Your reply should consist only of the lines from the one holding "PJ Salvage Womens" to the last line of the data below, written out exactly and without pictures.
== Input records ==
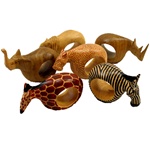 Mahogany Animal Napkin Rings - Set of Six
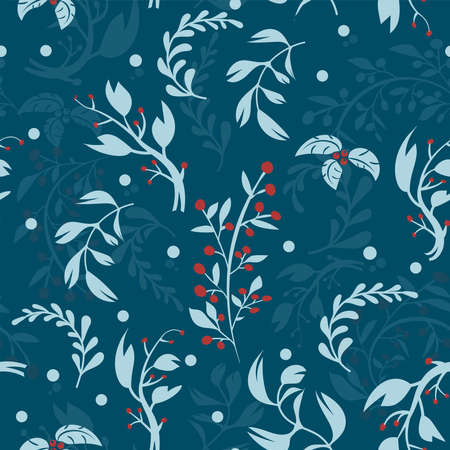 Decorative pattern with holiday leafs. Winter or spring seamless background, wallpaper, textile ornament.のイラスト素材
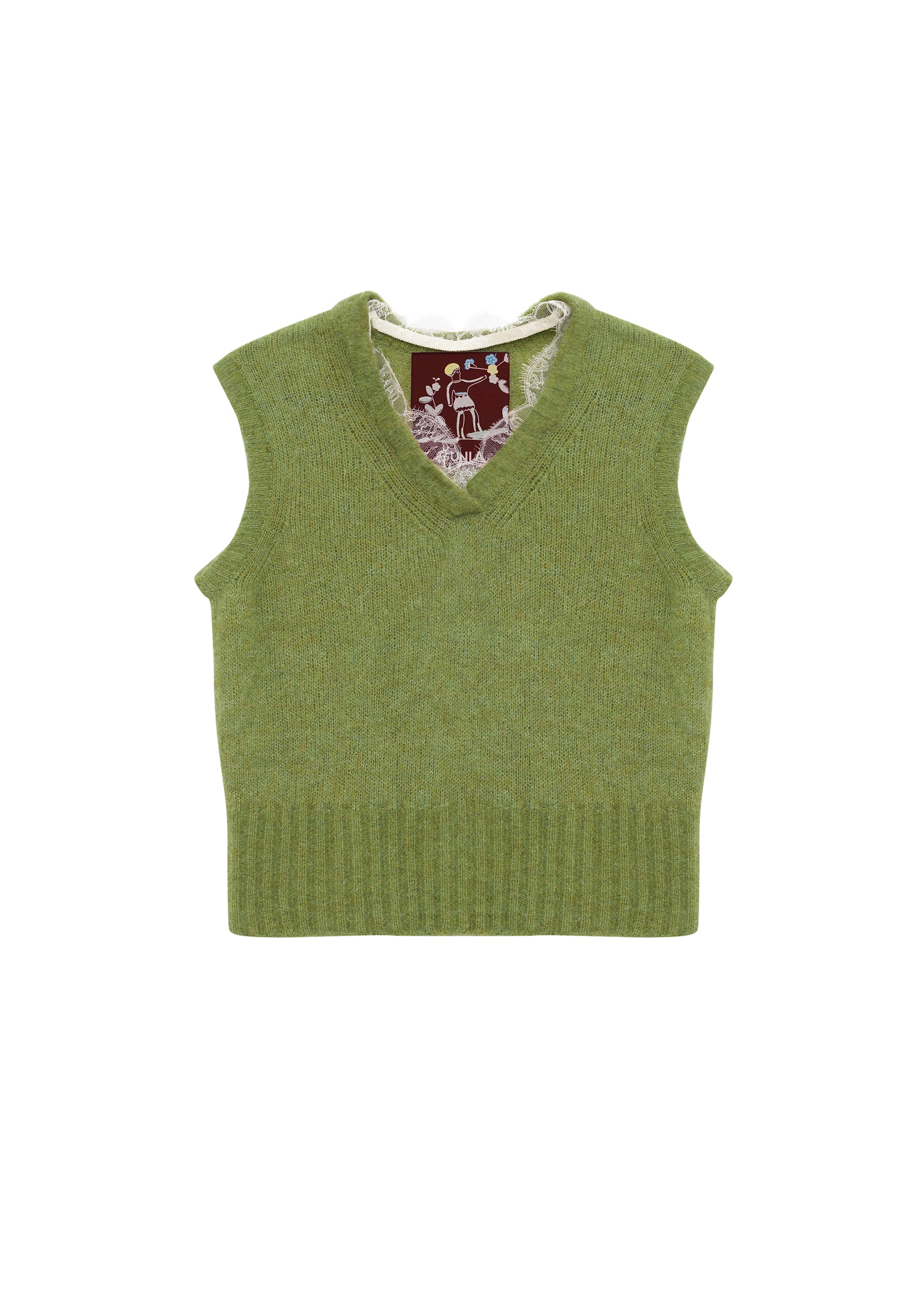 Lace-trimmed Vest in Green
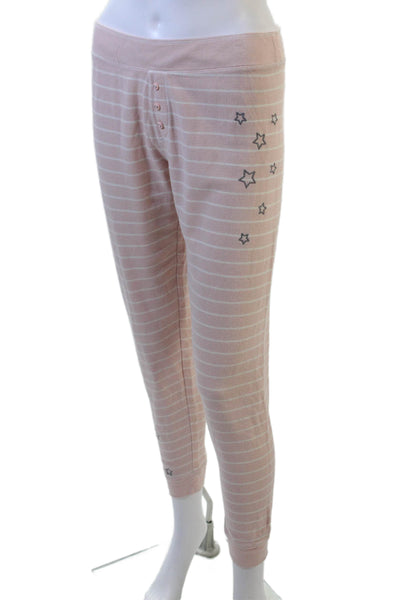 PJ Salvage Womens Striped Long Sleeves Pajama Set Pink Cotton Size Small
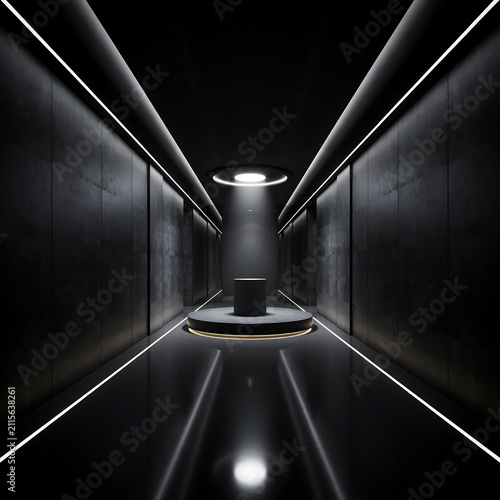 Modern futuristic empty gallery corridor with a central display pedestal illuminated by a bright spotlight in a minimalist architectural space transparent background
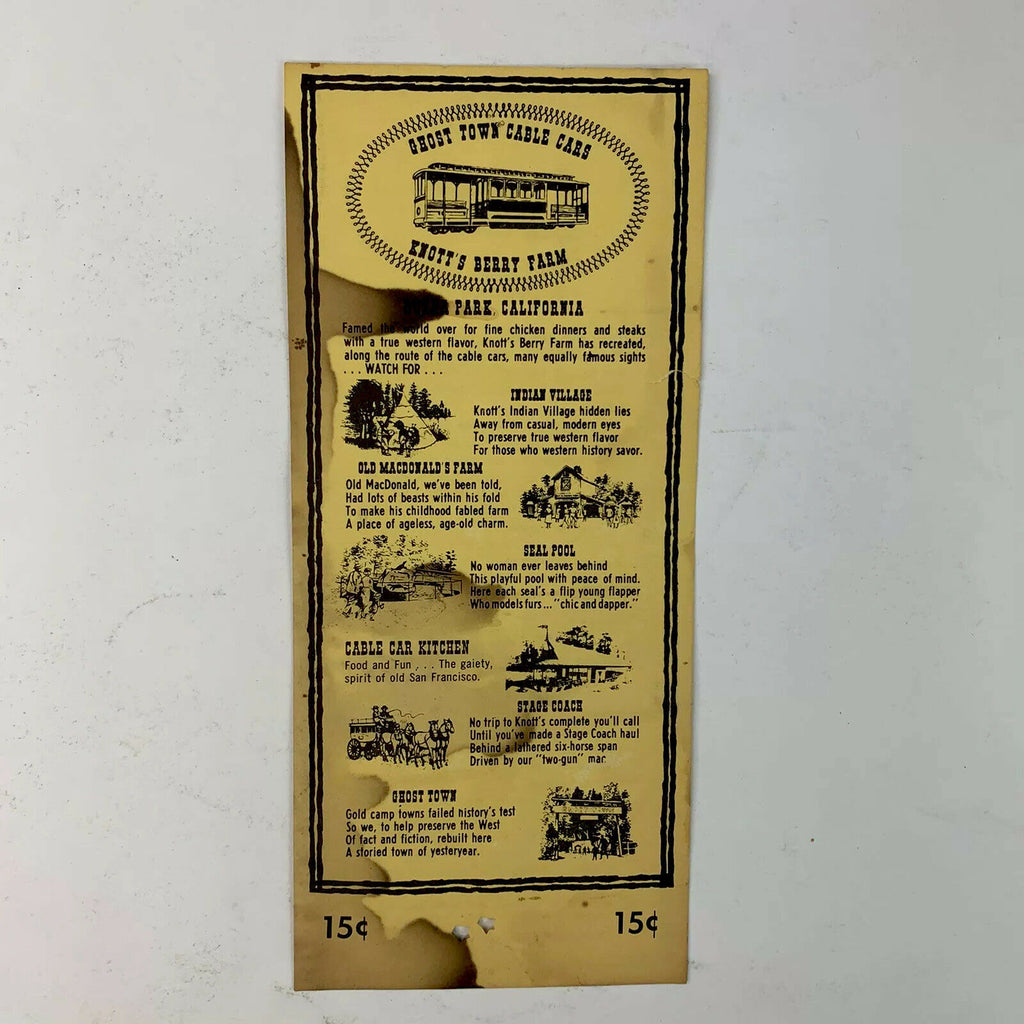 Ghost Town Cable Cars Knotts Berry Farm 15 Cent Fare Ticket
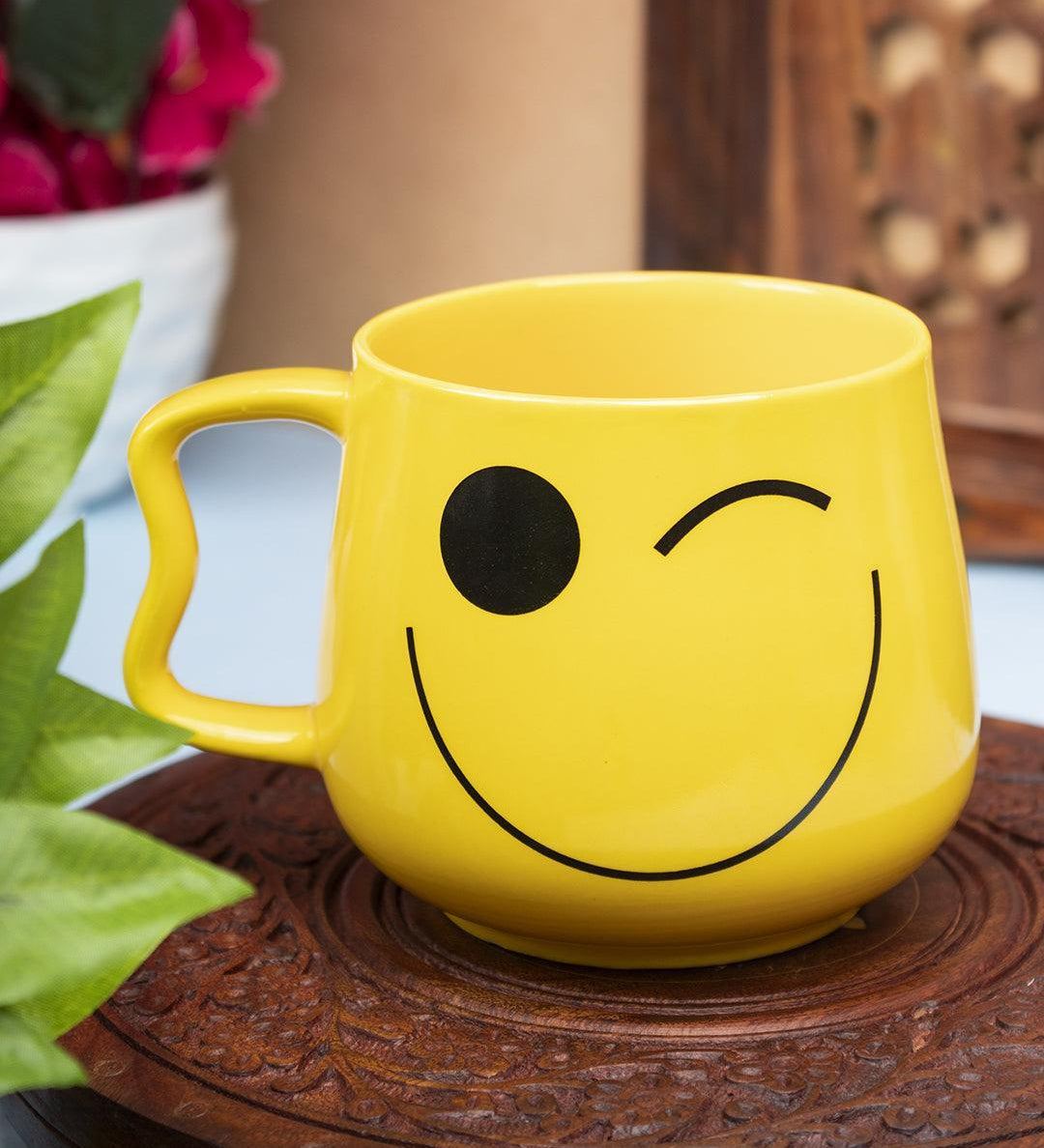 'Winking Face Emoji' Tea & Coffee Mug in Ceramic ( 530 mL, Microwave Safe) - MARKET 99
===
◆ **Task response**:
 PJ Salvage Womens Striped Long Sleeves Pajama Set Pink Cotton Size Small
 Modern futuristic empty gallery corridor with a central display pedestal illuminated by a bright spotlight in a minimalist architectural space transparent background
 Ghost Town Cable Cars Knotts Berry Farm 15 Cent Fare Ticket
 'Winking Face Emoji' Tea & Coffee Mug in Ceramic ( 530 mL, Microwave Safe) - MARKET 99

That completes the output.